Since March, Lehi’s Gina Halladay and her friend and business partner, Beth Hawkins, have been collecting quilts and delivering them to refugees from Ukraine. Gina’s husband, Hal Halladay, has traveled to Poland three times since the project began, making unlikely contacts with strangers who are now friends and expanding the mission of the newly-formed non-profit, Wrap Ukraine With Quilts.

“So much of this journey has been about invitation, trust and gratitude,” said Hal Halladay. In May, Gina and Beth hatched the idea to create a sewing workshop in Poland. They invited quilters who have been following their journey on social, newspaper and television stories, and the 31 spots were filled quickly. 

Janene Comer learned about Wrap Ukraine With Quilts from a story in the Lehi Free Press, then met Gina at a Salt Lake City quilt show. “On a personal level, I was looking for a service opportunity and thought it would be good to donate a quilt,” saidComer. She is a producer on the BYUtv series “Making Good”with Kirby Heyborne, and Wrap Ukraine With Quilts appealed to everyone at the show, but they needed an event to film. After meeting Gina in person, Comer offered to do the accounting for the new non-profit (which will soon be rebranded Wrap the World With Quilts), and Comer’s husband donated office space for the hundreds of quilts that are still coming in every week to Gina’s home in Lehi. Comer, Heyborne and the crew of “Making Good” were part of the group of Americans in Poland serving Ukraine refugees last week. They filmed an episode of the show overseas while they were there.
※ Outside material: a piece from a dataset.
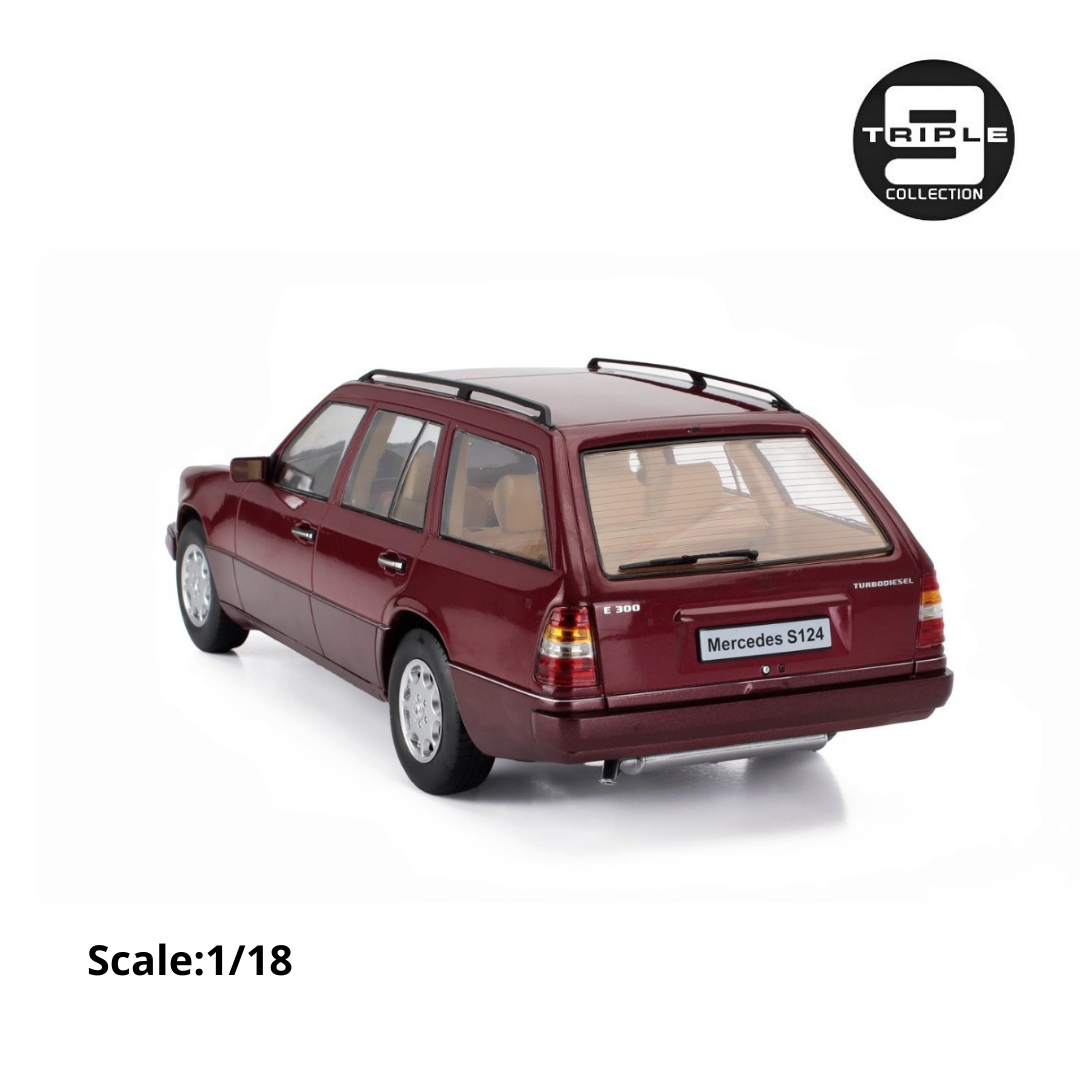 MERCEDES BENZ E-CLASS (S124) T-MODEL SW STATION WAGON - 1995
“What surprised me was that it wasn’t so much about giving away quilts or teaching women to sew; it was making heartfelt connections,” said Comer. “It wasn’t words; it was feelings. For me, it turned from us giving to them into receiving from them this special connection.”

“The film crew said the best part was seeing the Americans interact with the Ukrainian women, teaching them to sew. He[Heyborne] said it was just a blend – he couldn’t tell which ones were Americans and which were Ukrainians. Everyone was smiling. That brought the whole message together,” said Beth Hawkins at the end of our week in Poland.

“We came to Krakow to deliver quilts to women and children living as refugees, to teach sewing skills workshops, to set up a sewing center and to make quilts with women while here,” said Tamara White, a quilter from Massachusetts. “We left so much more enriched and blessed by what was given than by what we offered. My heart is overflowing. Some of that is with love and compassion, but it’s also with the aching that comes from awareness and witnessing pain, weight at wanting change and relief, and desire to do more.”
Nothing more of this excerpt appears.